Internacional

Telón de fondo

A pesar de las diferencias diplomáticas entre Bogotá y Caracas, jamás pudieron truncar la línea comercial de la que ambas naciones dependen para el abasto

“Queremos que siga creciendo el comercio gigantesco”, fue la frase del presidente venezolano Hugo Chávez al referirse a la nueva etapa por la que atraviesa su Gobierno con el de Colombia.

A pesar de las diferencias diplomáticas entre Bogotá y Caracas, jamás pudieron truncar la línea comercial de la que ambas naciones dependen para el abasto, pues una hipotética guerra hubiese puesto en peligro la balanza comercial venezolana-colombiana, cercana a los seis mil millones de dólares anuales.

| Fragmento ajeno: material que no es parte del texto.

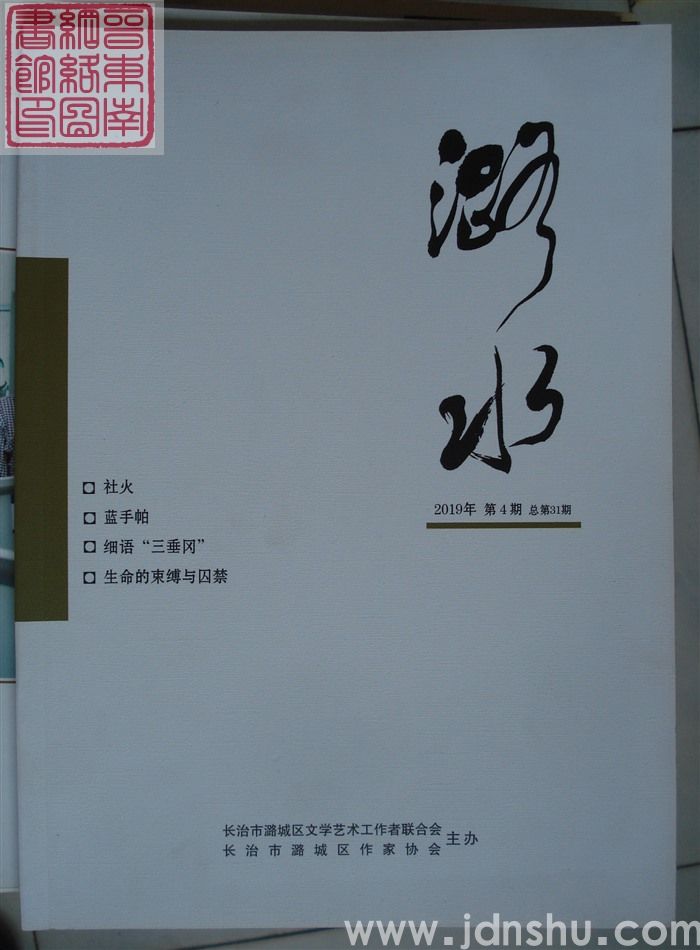 潞水 2019-4（总第31期）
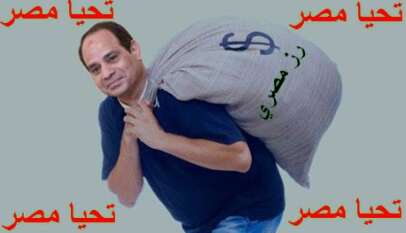 صندوق تحيا مصر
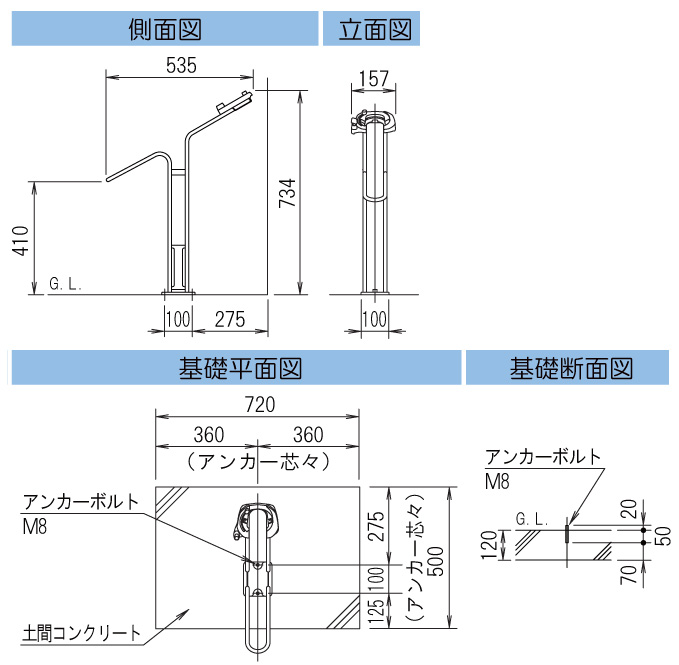 ダイケン サイクルスタンド 独立式スタンド CS-H-SRロック付き サイズ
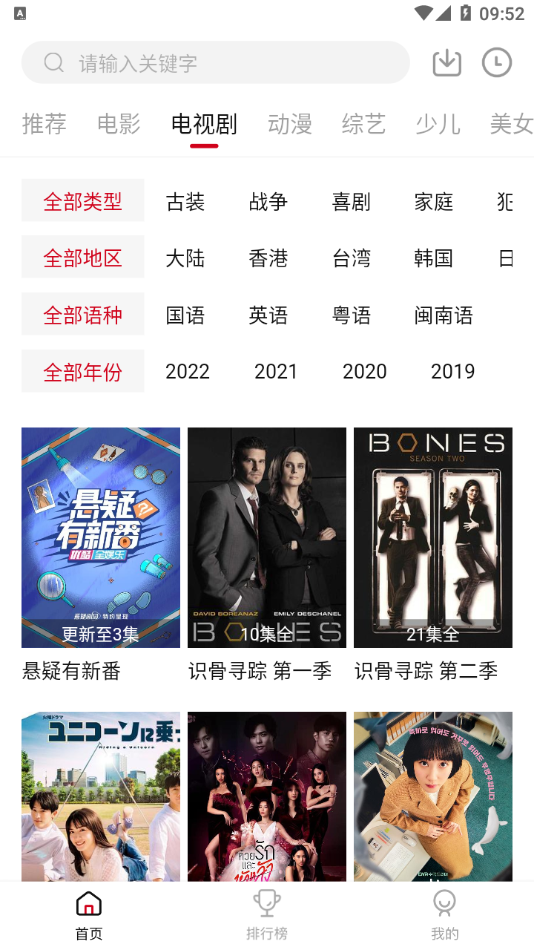 零零七影视纯净版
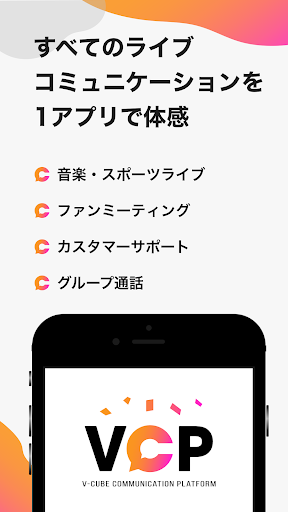 Android application VCP screenshort
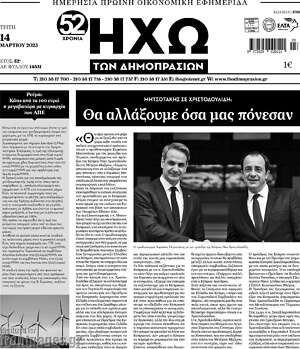 Πρωτοσέλιδο Ηχώ των Δημοπρασιών
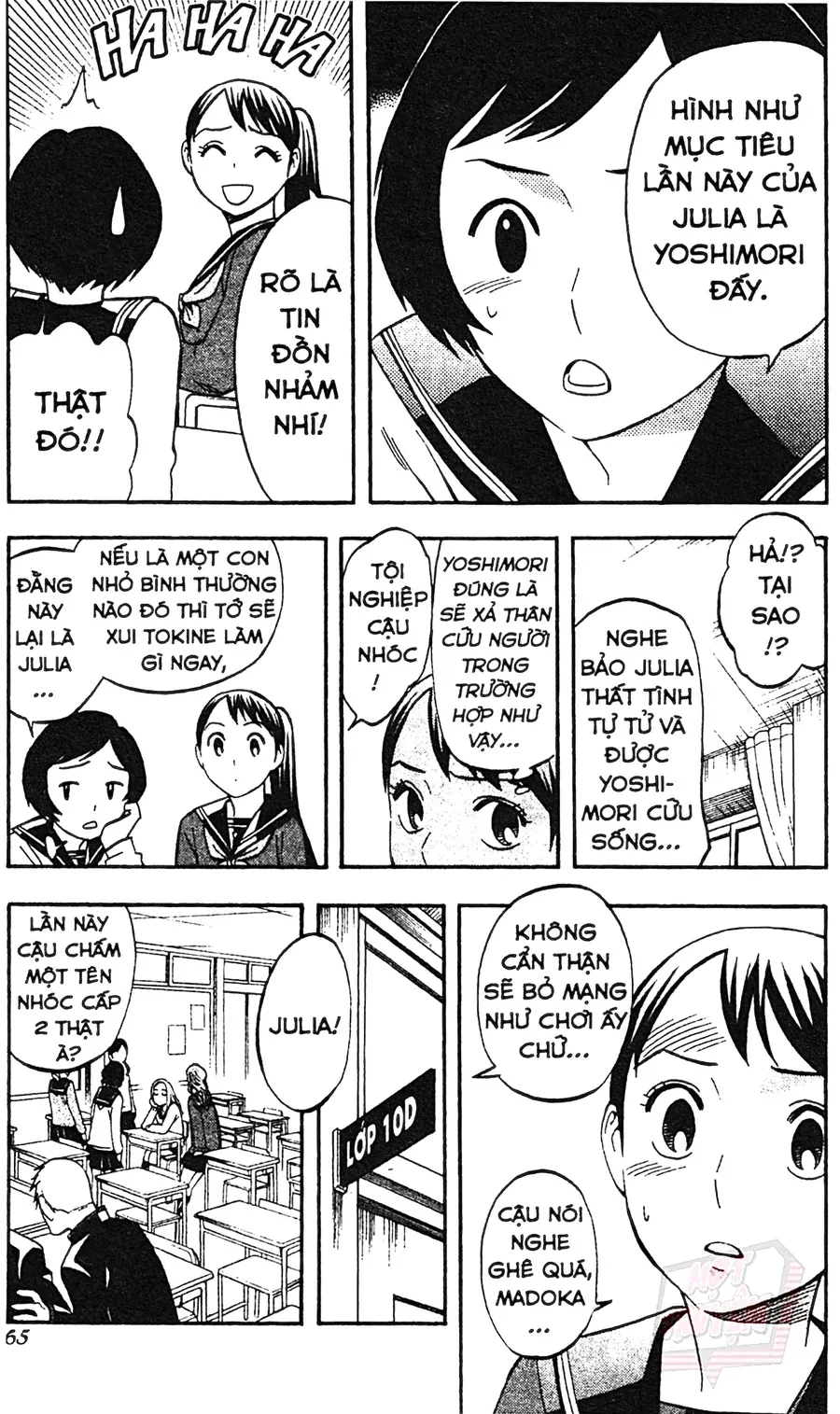 Kết Giới Sư Chap 148 - Next Chap 149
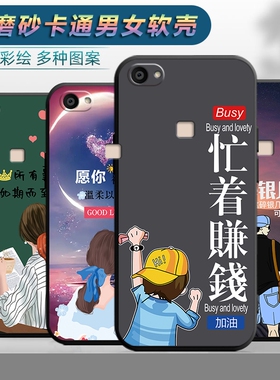 适用于vivox6手机壳viv0x6s软壳v1vox6s卡通vovox6可爱vovx6潮男viovx6女款vlvox6防摔wiwox6保护套vlvox6。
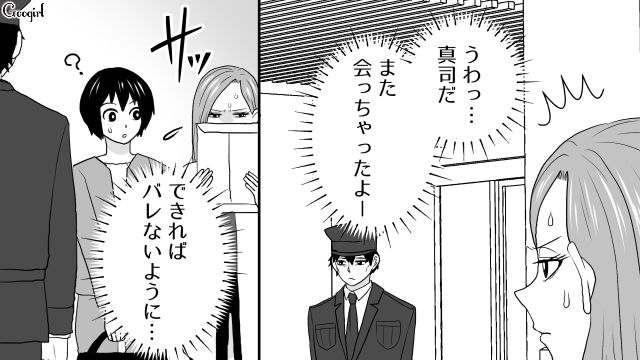 【スカッと漫画】ざまーみろ！ 元カレの落ちぶれた現状にあきれてしまった話【第9話】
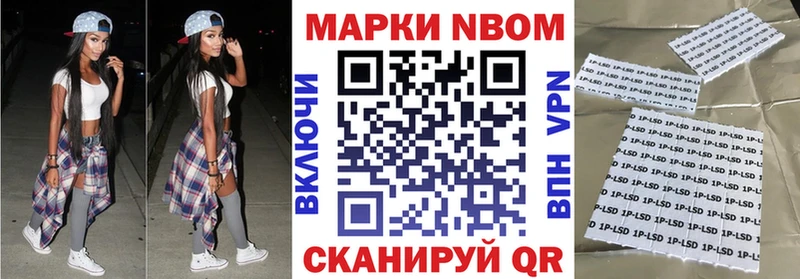 Марки NBOMe 1500мкг  где продают   Красавино 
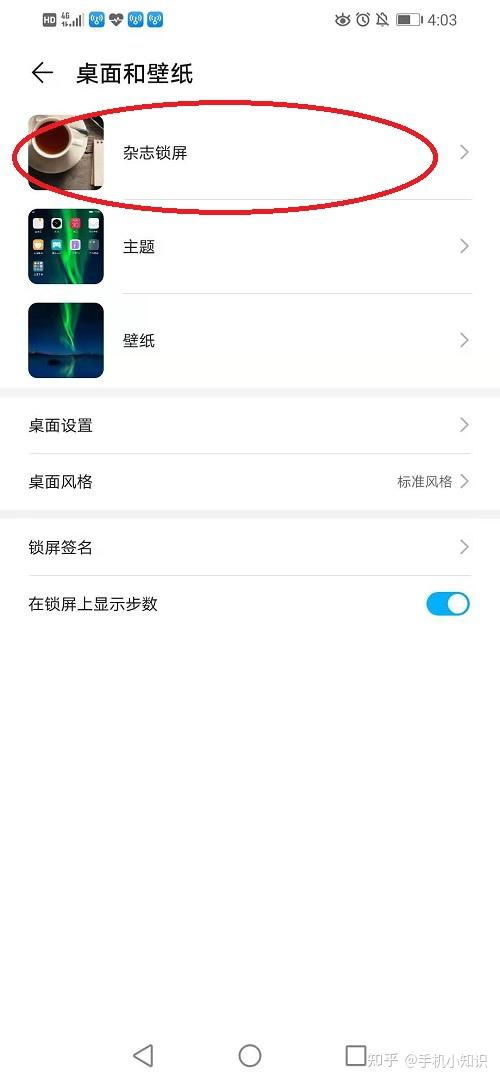 华为手机怎么关闭水印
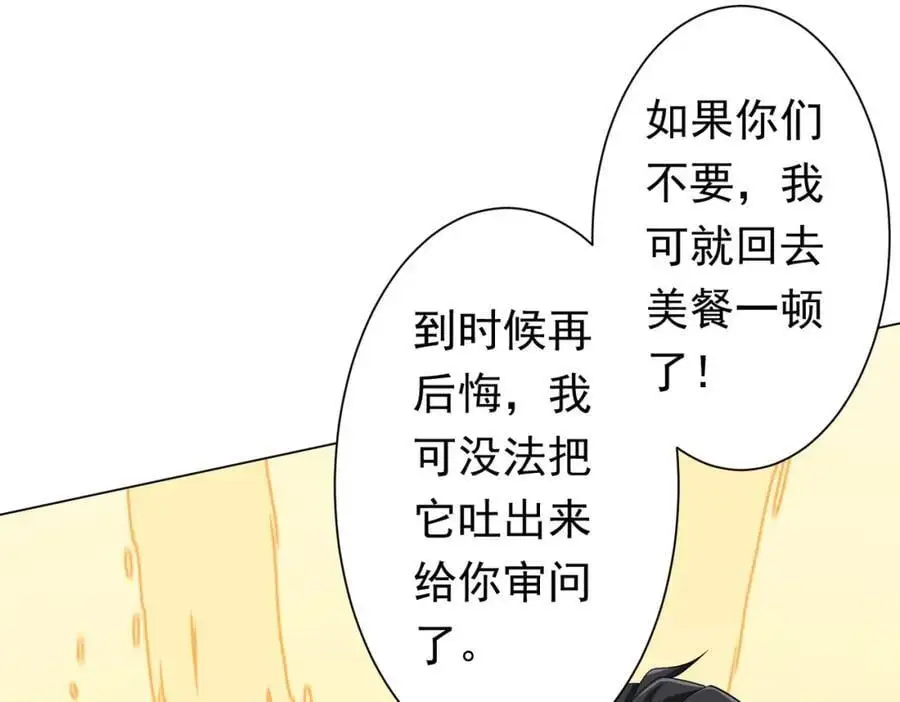 第89话 权限到手！ 第46页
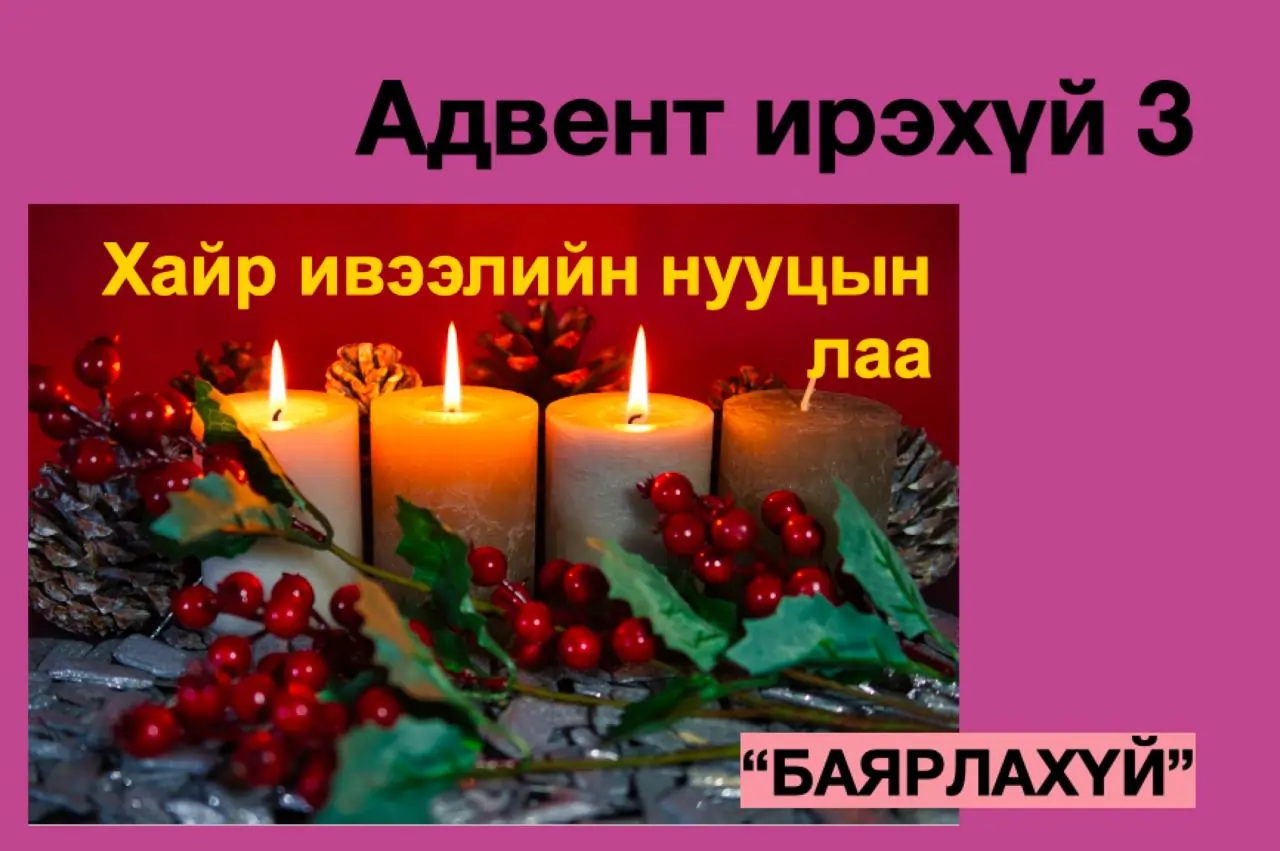 Итгэгч хүн?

Agrupaciones y cámaras de comercio llegaron a pronosticar, que llegar a un escenario bélico, generaría escasez de productos de primera necesidad.

En el inicio de la ruptura, el Consejo Nacional del Comercio y los Servicios (Consecomercio) de Venezuela se vio obligado a poner en marcha una estrategia que le permitiera el abasto de carne, pollo, huevos, papas, azúcar y leche líquida, principales productos que importa, casi en 100%, de Colombia.
Según la Cámara de Integración Económica Venezolano-Colombiana (Cavecol), los venezolanos obtienen del vecino 30% de los productos que consumen.